Noting that “digital transformation” will likely be dropped from the report in coming years, Shevlin said the “buzzword still rings loudly” in the industry. As such, he noted that in 2023, 76% of banks and 87% of credit unions polled have launched or enhanced a digital transformation strategy or initiative.


“One in five institutions that launched their digital transformation strategy before 2019 believe they’re almost done with or have completed their digital transformation journey,” he noted.

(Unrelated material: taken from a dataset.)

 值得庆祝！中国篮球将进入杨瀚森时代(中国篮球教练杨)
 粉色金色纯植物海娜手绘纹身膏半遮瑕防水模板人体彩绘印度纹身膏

“For those that launched their strategy in 2019, 43% consider themselves to be three-quarters or more complete. Fourteen percent of institutions that launched in 2021 said they’re three-quarters or more done, and 8% of those that launched in 2022 said they are three-quarters done.”


Defining “digital transformation” is critical, Shevlin contends, as different FIs hold different definitions of the term. Either way, he doesn’t necessarily believe the above statistics ring true.


“We’re not buying these claims. Overall, 25% of institutions said they’re three-quarters or more done with their digital transformation efforts. What do they have to show for their efforts? Not as much as we would expect,” he contends.


“Among these institutions, 42% said they’ve achieved a 5% or better improvement in deposit account opening productivity and a third said they’ve improved loan productivity by 5% or more,” the report continued. “Five percent improvement isn’t exactly a high bar, but not even a majority of institutions have achieved that level of improvement in any of the metrics we asked about. And these are the institutions that think they’re done with or at least significantly down the road on their digital transformation journeys.”


Furthering his stance, Shevlin noted that “it’s hard to believe that a bank or credit union three-quarters of the way (or more) through its digital transformation has yet to deploy cloud computing.” He added that many of these FIs “have yet to deploy emerging technologies like machine learning chatbots, and robotic process automation.”


Referring to respondent polling, the following statistics are FIs that reported that they are three quarters of the way through respective transformations: application programming interfaces (71%), cloud computing (69%), robotic process automation (35%), chatbots (29%), and machine learning (25%).


“It’s hard to believe that a bank or credit union three-quarters of the way (or more) through its digital transformation has yet to deploy cloud computing,” Shevlin noted. “To drive digital transformation, it’s important to eliminate bottlenecks that slow the ability to deliver new customer experiences and business capabilities.”


Fintech Partnerships – What’s Your Approach?


As has been in the case for several years, the report found that “roughly seven in 10 financial institutions said partnerships will be important to their business strategies for the upcoming year.”


The manner in which credit unions and banks approach these partnerships, however, is different.


“A little more than four in 10 banks cited loan productivity as one of their most important fintech partnership objectives, with 36% mentioning deposit volume and 31% listing loan volume,” the report noted. “In contrast, nearly six in 10 credit union execs said increasing loan volume was an important objective.”



Additionally fintech partnership findings include that 43% of banks will look to improve deposit account opening productivity compared to 34% of credit unions and 21% of credit unions will look to expand geographic foot print compared to 13% of banks.


“Despite the importance of fintech partnerships among financial institutions, partnership activity will be largely unchanged in 2023 from 2022 levels,” the report stated. “About half of financial institutions won’t enter into any partnerships, one in five will find one partner, and just a handful will partner with four or more fintechs.”


A statistic for credit union to watch, the report posited, is that banks “will be stepping up their investments in fintech startups in 2023. In both 2022 and 2023, 26% of survey respondents said their institution invested in fintech startups (the report noted that few respondents believe they will be on the acquired end of a transaction).”